Any local government which receives federal funds that can be used for affordable housing, such as Community Development Block Grant (CDBG) or HOME funds from the U.S. Department of Housing and Urban Development (HUD), is required to incorporate fair housing goals into their community development and planning. This key part of the Fair Housing Act aids the work of jurisdictions in prohibiting discrimination, reducing disparities in access to community assets, and promoting fair housing choice.

In 2015, HUD announced a new rule to enrich this process. Jurisdictions large and small will be required to conduct an Assessment of Fair Housing (AFH) to support their planning efforts to accommodate future housing needs. Fair housing plans will inform where and what kind of housing will be created and/or preserved to ensure that there are opportunities for people of all ages, abilities, and incomes to choose where they wish to live.

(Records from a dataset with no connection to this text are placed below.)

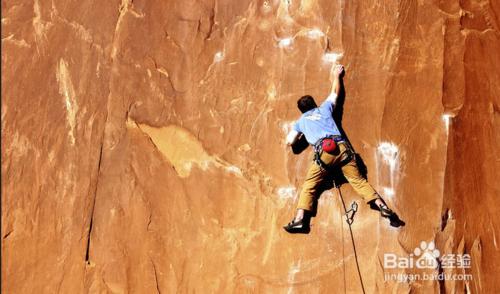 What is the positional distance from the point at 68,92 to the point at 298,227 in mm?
2558

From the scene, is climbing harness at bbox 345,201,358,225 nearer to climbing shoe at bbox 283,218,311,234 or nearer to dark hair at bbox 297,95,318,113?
climbing shoe at bbox 283,218,311,234

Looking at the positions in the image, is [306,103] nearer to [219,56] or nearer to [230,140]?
[230,140]

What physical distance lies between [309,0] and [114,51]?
1966mm

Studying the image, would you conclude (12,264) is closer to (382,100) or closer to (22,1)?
(22,1)

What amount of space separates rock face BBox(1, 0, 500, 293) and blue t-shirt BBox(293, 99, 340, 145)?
239 mm

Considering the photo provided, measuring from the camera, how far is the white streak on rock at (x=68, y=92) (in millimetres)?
5828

In this age of data, area governments are grappling with the best approach for collecting, analyzing, and presenting this information to reflect the realities of their housing markets.

COG, in partnership with Enterprise Community Partners and the National Housing Conference, hosted area housing directors and key staff members for a conversation about their data needs and to share strategies in preparation for this assessment. HUD’s Assistant Secretary for Policy Development and Research Katherine M. O’Regan hopes the process empowers jurisdictions to turn data into action, because “no child’s ZIP code should determine her opportunity to achieve.”

The District of Columbia, represented by Housing and Community Development Director Polly Donaldson and Senior Development Advisor Danilo Pelletiere, noted that they are in the very early stages of thinking about the assessment. In Arlington County, Housing Director David Cristeal and Senior Housing Planner Russell Danao-Schroeder discussed their annual rental and vacancy surveys, which will continue to be a key data set for informing their fair housing reviews.

COG’s Housing Directors Advisory Committee Chairman Jesse Buggs directs grant development for the City of Bowie, a city without regulations regarding the provision of affordable housing. He’s seen firsthand the power of fair housing to provide inclusionary zoning, but said he is concerned about the staffing and financial challenges his office will face as a small entitlement jurisdiction tasked with meeting the HUD requirements.

Dan Pontious, Housing Policy Coordinator for the Baltimore Metropolitan Council, shared his experience working on an assessment of fair housing on a regional level. Baltimore was one of the first cities in the nation to consider fair housing from a regional perspective in 1996. The resulting plan—Opportunity Collaborative—recommends policy initiatives to address the region’s unmet housing need for 70,000 low-income households, including 14,000 people with disabilities.

Enterprise Community Partners’ Tiffany Manuel noted that when you discuss challenges to achieving fair housing, there is often an assumption of mobility – as in, “if you can’t afford to live here, move out” of the jurisdiction. Mobility, she said, does not solve the crisis of housing affordability in a high-cost housing region.

The group discussed how they might also work together to “push the envelope” further when it comes to fair housing. Sharing data, they determined, could be a way to move incrementally into regionalism.

This discussion among the region’s Housing Directors will continue at the May COG Housing Directors Advisory Committee, as the group examines their different reporting cycles to see if an opportunity exists to realign and report as a region.